Rohstoffreserven für mehr strategische Autonomie

Die geopolitischen Entwicklungen der vergangenen Jahre haben uns äußerst schmerzlich die Verwundbarkeit unserer globalen Lieferwege und Abhängigkeiten von Importen vor Augen geführt. Es zeigte sich, dass die EU abhängig (und damit erpressbar) ist von Regierungen, die teilweise über einen mehr als fragwürdigen Ruf bezüglich Rechtstaatlichkeit, Demokratie und Menschenrechte verfügen und die keine Skrupel hatten und haben, die westliche Abhängigkeit für den eigenen Vorteil auszunutzen. Der Angriff Russlands auf die Ukraine zeigte wie wenige Ereignisse zuvor die Notwendigkeit, dass sich die EU im Bereich Rohstoffe deutlich autonomer aufstellen muss.
Öl und Gas rückten in diesem Zusammenhang besonders in den Fokus der Politik mit teilweise deutlich spürbaren Konsequenzen für die Bürgerinnen und Bürger in der EU. Die geografischen Vorkommen von Rohstoffen, lassen sich nicht verändern. Die eigene Abhängigkeit und die damit verbundene Erpressbarkeit ließen sich aber durch das Vorhalten von Reserven zumindest verringern. Bereits seit 2009 schreibt eine EU-Richtlinie den Mitgliedstaaten verpflichtende Mindestmengen and Erdöl und Erdölprodukten vor, nämlich mindestens 90 Tage der Netto-Ölimporte. Bei Gas zog die EU 2022 mit einer Richtlinie nach. Seit 2023 müssen die unterirdischen Gasspeicheranlagen vor Beginn des Winters zu 90 % gefüllt sein. Blickt man auf das aktuell vielerorts in der EU proklamierte Ziel der strategischen Autonomie geht es aber natürlich um deutlich mehr als diese beiden Rohstoffe. Mit dem Critical Raw Materials Act zeigte die EU, dass sie sich dessen bewusst ist und definierte eine Reihe von Rohstoffen als kritisch. Ausgemachte Ziele des Gesetzes sind die Diversifizierung der Rohstoffversorgung, eine Stärkung der Kreislauffähigkeit und besseres Recycling sowie Unterstützung von Forschung und Innovation. Diese Ziele sind sinnvoll und weisen in die richtige Richtung. Das Vorhalten von Reserven dieser Rohstoffe schreibt das Gesetz jedoch nicht vor. In anderen Ländern wie z.B. den USA sieht das anders aus, wo im National Defense Stockpile Reserven von 42 Rohstoffen vorgehalten werden. Jedoch werden selbst diese Reserven als gering eingeschätzt. Mit Stand April 2023 würde der aktuelle Bestand in einem nationalen Notfall z. B. nur weniger als die Hälfte der geschätzten Engpässe bei strategischen und kritischen Materialien für den militärischen Bedarf und weniger als 10 % der wesentlichen zivilen Nachfragedefizite abschwächen.

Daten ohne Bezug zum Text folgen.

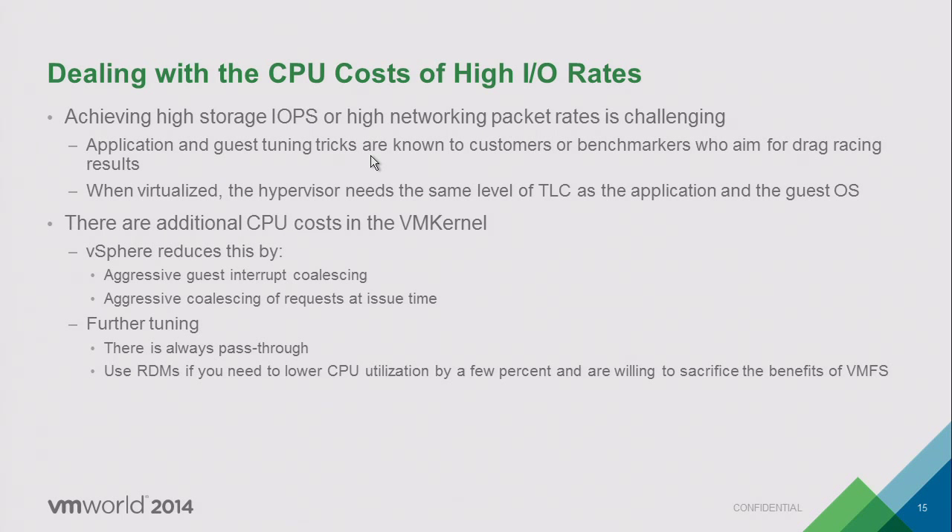We have pass-through tools like direct path IO available, but you shouldn't need them. We can do one million IOPS without pass-through — you shouldn't need direct path IO for 10,000 or 100,000 IOPS. Those tools are there if truly needed, and using RDM gives a couple percent better performance, but you lose a lot of the goodness of virtualization. You shouldn't have to use it.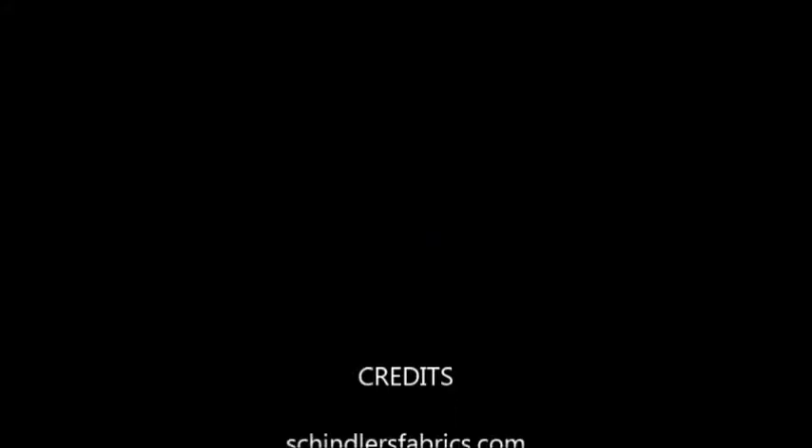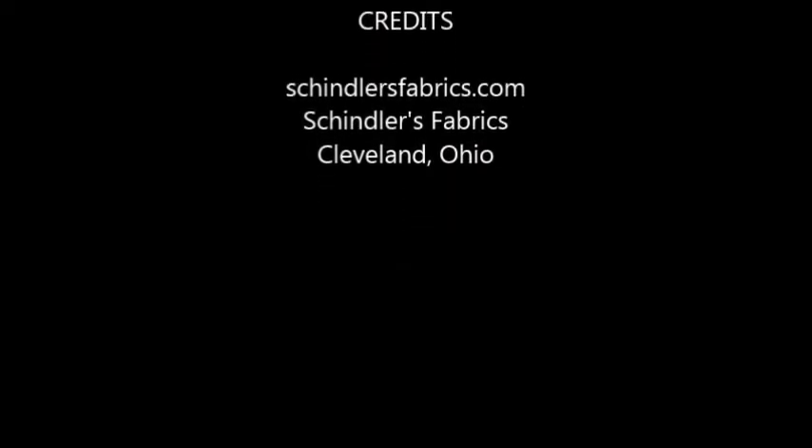In stock — when sold out, cannot be reordered. At Schindler's Fabrics, Schindler's Fabrics Cleveland.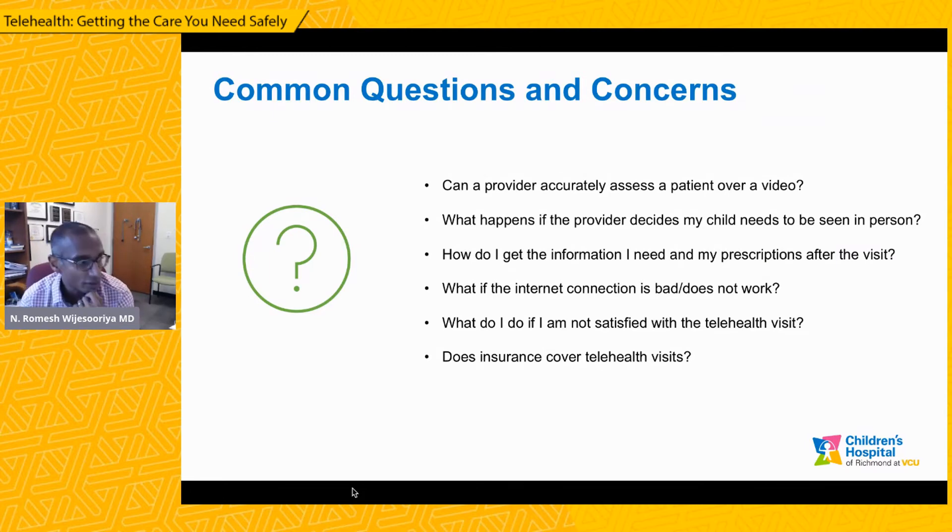That's a quick run-through of what kinds of visits work well, what are the benefits and barriers, and how a visit actually works. I wanted to quickly go over some common questions and concerns about telehealth. One question I often get is: can a provider accurately assess a patient over a video? We have now done over 10,000 visits just within pediatrics and probably over 60,000 visits at this institution, and we feel pretty confident that we can assess what we need to over a video. And if we can't, we would just switch that visit into an in-person visit — it's not that complicated to switch that over.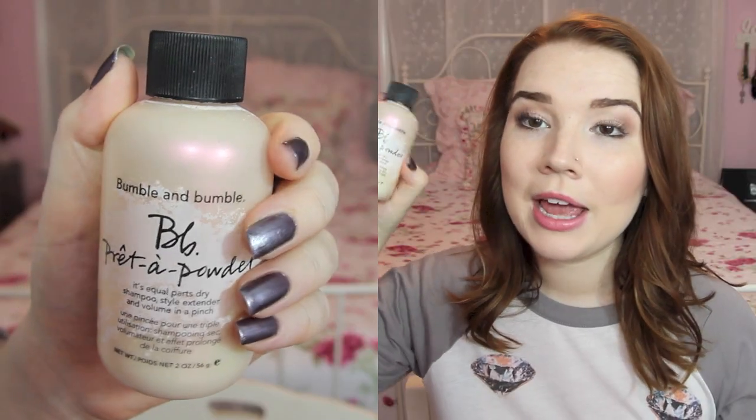Number five is your favorite hair product. I was introduced to this by Ingrid, Miss Glamorazzi, and I've been using it religiously ever since. It's the Bumble and Bumble Pret-a-Powder — a tiny dry shampoo slash style extender. You sprinkle this powder on your roots; it adds volume and makes your hair so much less greasy. I find it works better than any dry shampoo. It's lasted me a long time and it's tiny, so it's great for travel.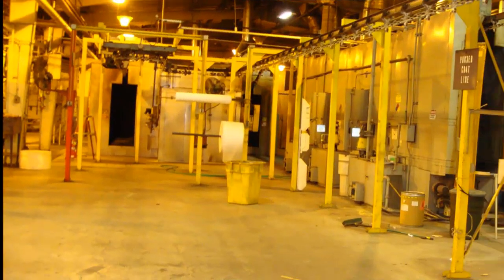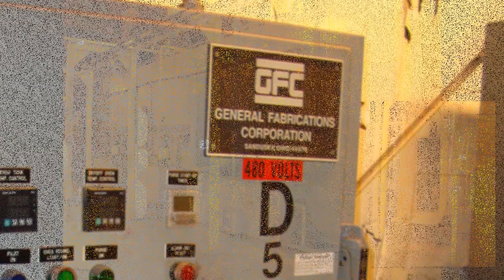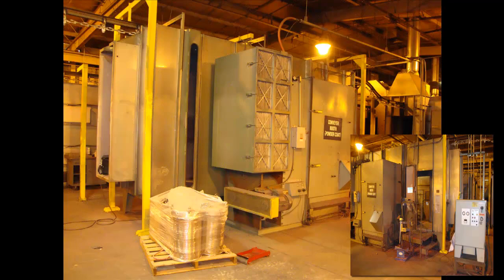This complete powder system has a three-foot wide by seven-foot tall work package. It was designed and manufactured by General Fabrications. The system consists of a three-stage washer, a combination dry-off cure oven, a Binks automatic powder booth, and a three-hundred-and-fifty-foot four-inch I-beam conveyor system.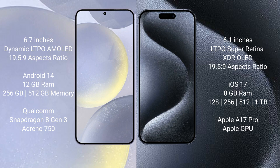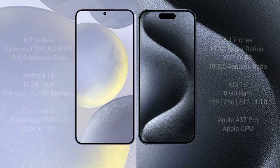Samsung Galaxy S24 Plus comes with 12GB RAM and 256GB internal storage, powered by the Qualcomm Snapdragon 8 Gen 3 processor with Adreno 750 GPU. iPhone 15 Pro comes with 8GB RAM and storage options of 128GB, 256GB, 512GB, and 1TB, powered by the A17 Pro processor with Apple GPU.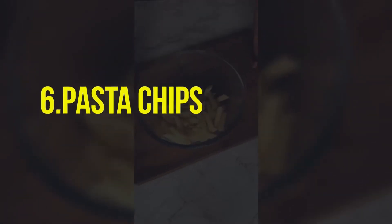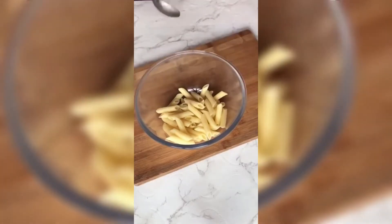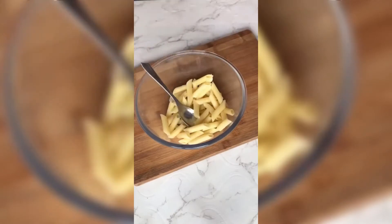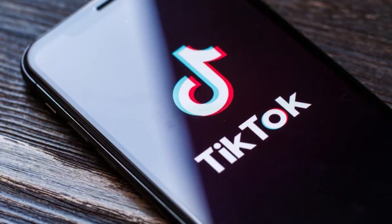Number 6: Pasta Chips. You've heard of toasted ravioli, and now it's time to learn about pasta chips. These are the perfect thing to dip in a bowl of warm marinara and snack away. Thanks, TikTok.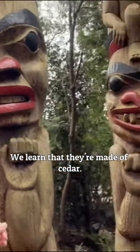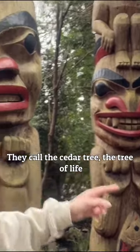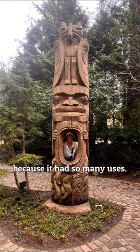We learned that they're made of cedar. They called the cedar tree the tree of life because it had so many uses.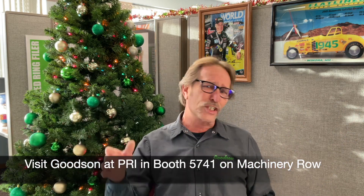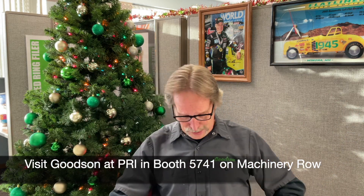Also, guess what — it's PRI Show this week! Me and the whole crew are going to Indianapolis, Indiana. Our booth number is 5741. We'll have all of our products on display. Come on down, talk to us, shake our hands, see what's new, and get yourself a new catalog while you're there.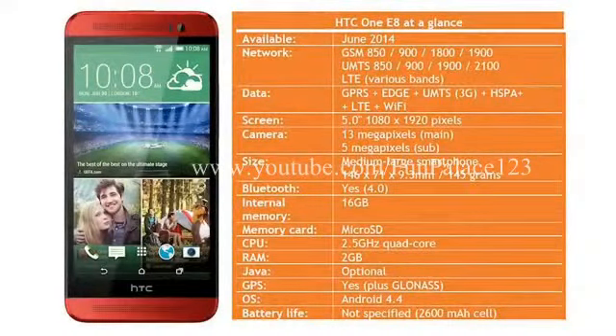Pricing is a key factor here, and there are whispers that this could be substantially cheaper than the One M8. HTC say that the One E8 should be available from June onwards in certain countries in dual-SIM or single-SIM configuration, depending on markets.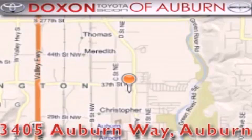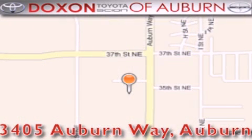Doxon Toyota of Auburn is located at 3405 Auburn Way in Auburn. Satisfying customers for over 70 years.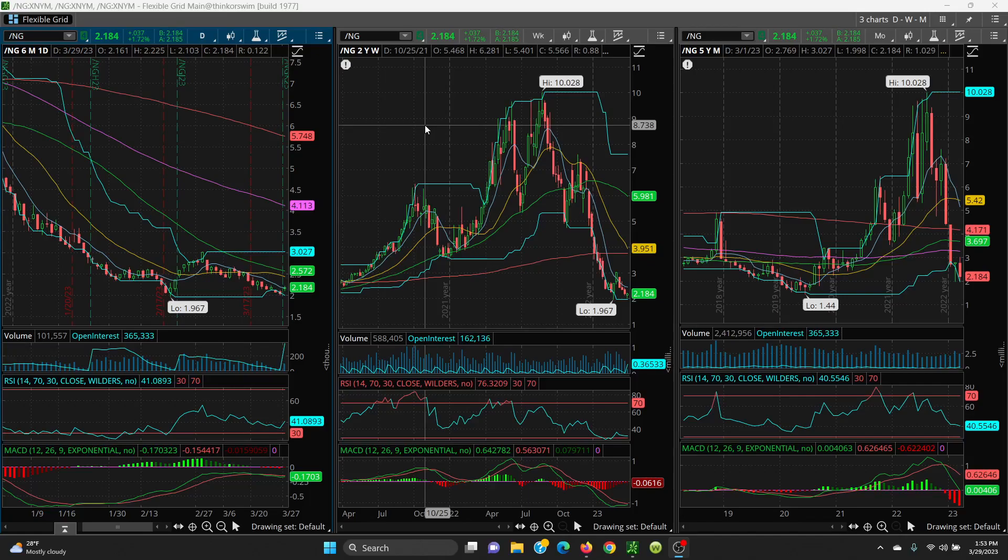Again, the contract rolled on the 26th on natural gas. Tomorrow I'll be right back here after 2:30 with your crude and natural gas levels. Thanks for watching.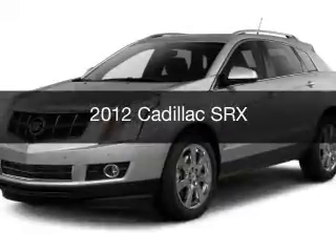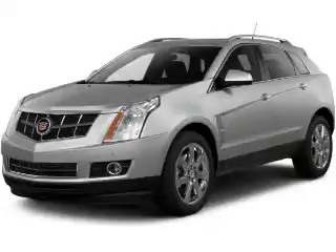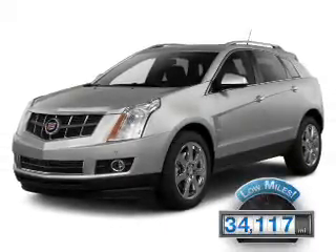This is a used 2012 Cadillac SRX. It's powered by a front wheel drive engine and an automatic transmission, with fewer than 35,000 miles.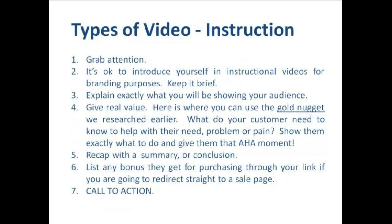For the instructional and training video script — once again, grab attention. It's okay to also take a little time to introduce yourself in instructional videos, particularly for branding purposes, but keep it brief and get into the content as quickly as possible. Number three, explain exactly what it is that you're going to be showing your audience — don't be afraid to pump yourself up a little bit and get the audience excited. Number four, give real value using your gold nugget — what do your consumers need to know to help with their need, problem or pain? Show them exactly what to do and give them that aha moment. Don't underestimate the fact that you can relieve a pain even when giving practical instruction. After delivering massive value, recap with a summary or conclusion.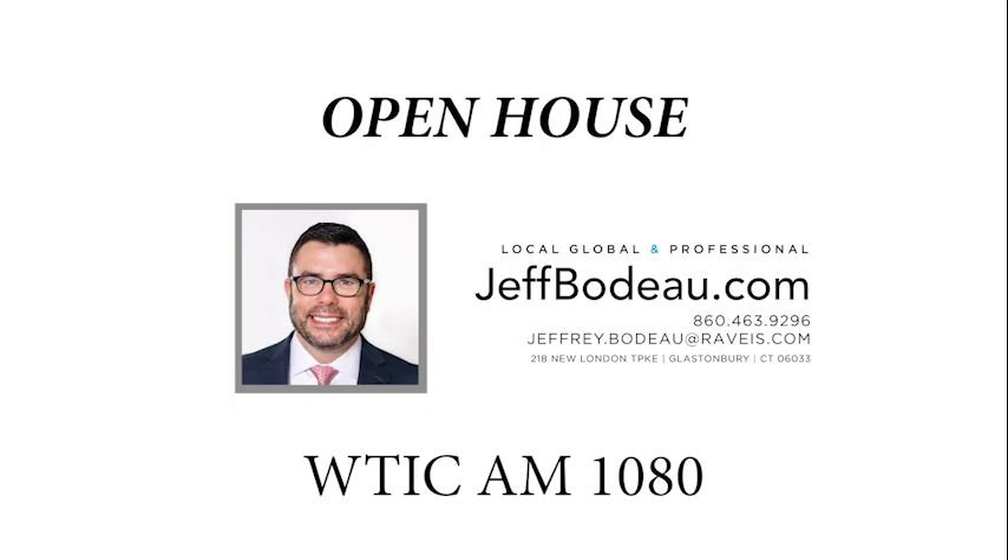If you want to get in touch with Jeff, you can call him at 860-463-9296. You can also check out the website at jeffbodu.com. Jeff, thanks for the time. We always appreciate it. Stay safe — we'll talk to you in a couple weeks. You guys have a great weekend. Thank you, bye.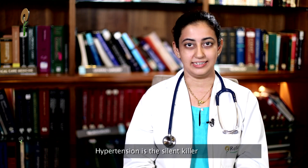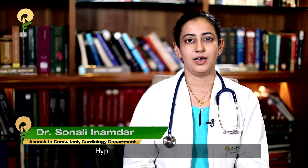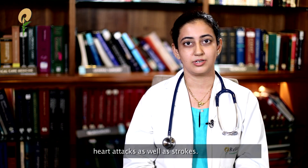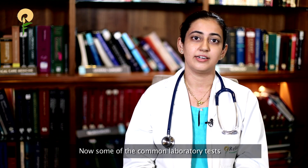Hypertension is a silent killer. Its asymptomatic nature usually leads to a delay in its diagnosis. Hypertension is a risk factor for heart failure, heart attacks, as well as strokes. Nearly half of the population is unaware that they are suffering from hypertension, hence regular monitoring of blood pressure is of utmost importance.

Es kann festgehalten werden, dass die europäische Abhängigkeit von Rohstoffimporten auch trotz einiger Öl- und Gasreserven in den Mitgliedstaaten und dem Critical Raw Materials Act größer bleibt als sie sein müsste — nicht zuletzt, weil auch weitere als die hier genannten Rohstoffe relevant sein könnten, um die Energieversorgung und die Ressourcensicherheit in der EU sicherzustellen. Eine weitere Frage, die sich in diesem Zusammenhang stellt ist die der Zuständigkeit für die Reserven. Man könnte durchaus argumentieren, dass es in einem gemeinsamen Markt sinnvoll wäre, dass das Vorhalten von relevanten Rohstoffen durch die EU wahrgenommen wird. Der Ukraine-Krieg hat immerhin gezeigt, dass sich Versorgungsschwierigkeiten eines Mitgliedslandes schnell auch auf andere auswirken können. Eine zentrale Zuständigkeit könnte einem solchen Effekt vorbeugen. Ein weiterer positiver Nebeneffekt solcher Rohstoffreserven könnte sein, dass durch antizyklische Ankäufe die Preisschwankungen bei den entsprechenden Gütern sinken könnten.
Die EU ist weiterhin in dem Prozess, geopolitisch Laufen zu lernen und bis zur tatsächlichen strategischen Autonomie hat sie noch einen weiten Weg vor sich. Es bleibt zu hoffen, dass sie dabei bereit ist, Verantwortung für die Sicherheit ihrer Bürgerinnen und Bürger zu übernehmen. Das Vorhalten größerer Rohstoffreserven könnte ein Mosaikstein dazu sein.